Le problème est que Mennel réécrit le passé en modifiant la nature de ses propos, en réduisant ses détracteurs à l’extrême droite – qui ne l’a effectivement pas épargnée –, et en élargissant son analyse à un problème qui serait, d’après elle, bien français : une intransigeance conservatrice hostile au multiculturalisme dont elle n’aurait pas fait l’expérience, a contrario, aux États-Unis ou au Canada. Ce que dit la chanteuse, c’est qu’on a purement et simplement cherché à la réduire à une religion, à une communauté. Foin de ses options litigieuses, passées en ces circonstances à la trappe : seul demeure, à ce sujet, le travail nocif d’une extrême droite dont l’assise s’élargit subrepticement au fil de la vidéo, à cette France qui peine à admettre la différence et qui, surtout, dévoie la laïcité.
Après avoir rappelé à Mennel que la laïcité n’est pas le « respect des convictions de chacun » mais la garantie donnée aux croyants et aux non-croyants de pouvoir les exprimer librement, il faudrait souligner que sa technique de brouillage s’apparente à la projection d’encre par la seiche qui cherche à s’extraire d’une situation périlleuse. Elle veut prendre de court, sans doute avec raison, les attaques personnelles qui ne manqueront pas d’accompagner la sortie de son album. Elle n’a pas tort de pointer le rôle néfaste de ceux qui se montrent allergiques par principe aux turbans. Mais elle choisit d’attaquer sur un mode simplificateur qui dessert la vérité : elle se donne ainsi le visage de l’innocence, en proie à une minorité malveillante dont les contours incluent tous ceux qui estiment que la théorie du complot appliquée aux attaques jihadistes ainsi que l’admiration à l’égard de personnalités comme Tariq Ramadan ou Dieudonné M’Bala M’Bala dessine d’elle un portrait trouble. En l’occurrence, l’esquive et la manipulation le renforcent plus qu’elles ne le défont.

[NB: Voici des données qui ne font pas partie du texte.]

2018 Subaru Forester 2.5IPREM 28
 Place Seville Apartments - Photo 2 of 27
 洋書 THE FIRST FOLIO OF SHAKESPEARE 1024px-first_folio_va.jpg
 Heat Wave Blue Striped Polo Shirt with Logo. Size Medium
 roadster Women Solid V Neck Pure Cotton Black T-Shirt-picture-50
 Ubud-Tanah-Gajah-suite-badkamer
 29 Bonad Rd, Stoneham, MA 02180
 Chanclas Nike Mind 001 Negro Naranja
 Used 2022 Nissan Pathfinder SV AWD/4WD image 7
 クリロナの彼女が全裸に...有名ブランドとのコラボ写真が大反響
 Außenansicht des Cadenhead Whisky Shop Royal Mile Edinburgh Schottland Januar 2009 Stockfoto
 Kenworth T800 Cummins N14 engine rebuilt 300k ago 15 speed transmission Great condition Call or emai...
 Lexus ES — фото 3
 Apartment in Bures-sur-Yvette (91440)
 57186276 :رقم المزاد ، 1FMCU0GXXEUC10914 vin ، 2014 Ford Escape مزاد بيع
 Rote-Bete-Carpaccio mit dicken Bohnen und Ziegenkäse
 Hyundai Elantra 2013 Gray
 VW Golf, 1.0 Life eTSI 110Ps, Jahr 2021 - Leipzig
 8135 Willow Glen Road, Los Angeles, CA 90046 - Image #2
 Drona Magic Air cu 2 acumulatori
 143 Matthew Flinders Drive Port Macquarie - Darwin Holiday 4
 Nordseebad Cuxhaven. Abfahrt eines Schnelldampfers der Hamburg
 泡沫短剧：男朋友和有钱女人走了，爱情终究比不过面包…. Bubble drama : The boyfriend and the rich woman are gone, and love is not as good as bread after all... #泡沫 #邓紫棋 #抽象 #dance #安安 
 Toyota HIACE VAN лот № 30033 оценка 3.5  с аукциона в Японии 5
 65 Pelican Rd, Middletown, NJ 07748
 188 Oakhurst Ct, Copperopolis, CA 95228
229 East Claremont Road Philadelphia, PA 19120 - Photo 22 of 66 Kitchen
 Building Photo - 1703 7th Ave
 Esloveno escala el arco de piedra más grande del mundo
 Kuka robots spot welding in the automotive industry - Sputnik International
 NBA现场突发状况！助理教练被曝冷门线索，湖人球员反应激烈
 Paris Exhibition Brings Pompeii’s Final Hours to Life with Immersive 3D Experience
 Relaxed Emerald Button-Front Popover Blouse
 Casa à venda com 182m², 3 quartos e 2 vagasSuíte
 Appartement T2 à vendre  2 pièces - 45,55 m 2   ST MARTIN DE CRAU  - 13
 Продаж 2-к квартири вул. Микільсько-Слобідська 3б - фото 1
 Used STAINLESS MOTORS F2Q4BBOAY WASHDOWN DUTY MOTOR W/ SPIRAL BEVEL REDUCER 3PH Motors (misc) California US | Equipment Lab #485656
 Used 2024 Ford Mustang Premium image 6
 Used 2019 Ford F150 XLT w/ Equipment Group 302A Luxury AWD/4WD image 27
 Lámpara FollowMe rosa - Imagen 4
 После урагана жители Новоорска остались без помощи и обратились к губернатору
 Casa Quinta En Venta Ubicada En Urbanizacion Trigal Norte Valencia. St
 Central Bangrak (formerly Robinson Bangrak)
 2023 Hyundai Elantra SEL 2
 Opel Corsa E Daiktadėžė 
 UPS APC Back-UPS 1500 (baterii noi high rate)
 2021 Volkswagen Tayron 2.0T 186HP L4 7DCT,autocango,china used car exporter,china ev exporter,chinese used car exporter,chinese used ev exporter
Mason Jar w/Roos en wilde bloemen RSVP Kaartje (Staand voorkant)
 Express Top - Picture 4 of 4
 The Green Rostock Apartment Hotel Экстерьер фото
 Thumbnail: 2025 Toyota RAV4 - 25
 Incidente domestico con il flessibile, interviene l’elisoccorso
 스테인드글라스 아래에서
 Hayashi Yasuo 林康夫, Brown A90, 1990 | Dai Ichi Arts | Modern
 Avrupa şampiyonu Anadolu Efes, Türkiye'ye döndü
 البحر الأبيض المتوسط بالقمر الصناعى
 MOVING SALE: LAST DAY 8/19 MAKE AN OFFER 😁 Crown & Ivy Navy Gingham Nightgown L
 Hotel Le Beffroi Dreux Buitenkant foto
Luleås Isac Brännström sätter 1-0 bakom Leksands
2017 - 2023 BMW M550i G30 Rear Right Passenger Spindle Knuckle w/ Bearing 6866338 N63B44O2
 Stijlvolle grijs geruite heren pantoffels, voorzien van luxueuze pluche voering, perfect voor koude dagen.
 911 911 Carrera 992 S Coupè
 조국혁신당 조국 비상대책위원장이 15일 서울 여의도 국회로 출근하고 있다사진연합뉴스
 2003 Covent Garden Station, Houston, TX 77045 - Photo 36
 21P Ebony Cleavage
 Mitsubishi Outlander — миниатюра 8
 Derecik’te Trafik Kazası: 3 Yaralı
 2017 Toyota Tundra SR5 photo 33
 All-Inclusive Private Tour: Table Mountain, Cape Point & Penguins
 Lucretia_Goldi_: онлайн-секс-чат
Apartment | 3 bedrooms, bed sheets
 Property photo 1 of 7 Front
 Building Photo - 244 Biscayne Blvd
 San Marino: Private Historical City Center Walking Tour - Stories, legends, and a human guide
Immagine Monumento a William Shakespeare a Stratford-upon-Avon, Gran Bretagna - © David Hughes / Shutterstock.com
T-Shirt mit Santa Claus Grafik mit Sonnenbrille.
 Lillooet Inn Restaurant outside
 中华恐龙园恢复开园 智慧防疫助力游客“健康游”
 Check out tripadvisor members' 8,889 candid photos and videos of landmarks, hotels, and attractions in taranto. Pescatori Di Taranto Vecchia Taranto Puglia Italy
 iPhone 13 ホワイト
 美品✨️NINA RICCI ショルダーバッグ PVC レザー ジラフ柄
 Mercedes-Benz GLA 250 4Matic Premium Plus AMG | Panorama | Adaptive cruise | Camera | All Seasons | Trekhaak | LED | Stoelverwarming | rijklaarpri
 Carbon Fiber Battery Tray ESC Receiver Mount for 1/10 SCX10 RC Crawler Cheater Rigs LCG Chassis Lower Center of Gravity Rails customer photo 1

À cet égard, l’« affaire Mennel », rappelée par ses propres soins, renvoie à un scénario qui s’inscrit bien dans l’air du temps par son lot de relativisations, d’amnésies, de contre-accusations et, au final, de réécriture du passé : « J’avais posté des choses sur les attentats à Nice parce que j’étais révoltée comme tout le monde. » Fin de citation. On peut le regretter lorsqu’il s’agit d’une jeune artiste prometteuse. Il est d’autres manières de neutraliser son passé : admettre humblement, par exemple, ses faux pas et ses erreurs.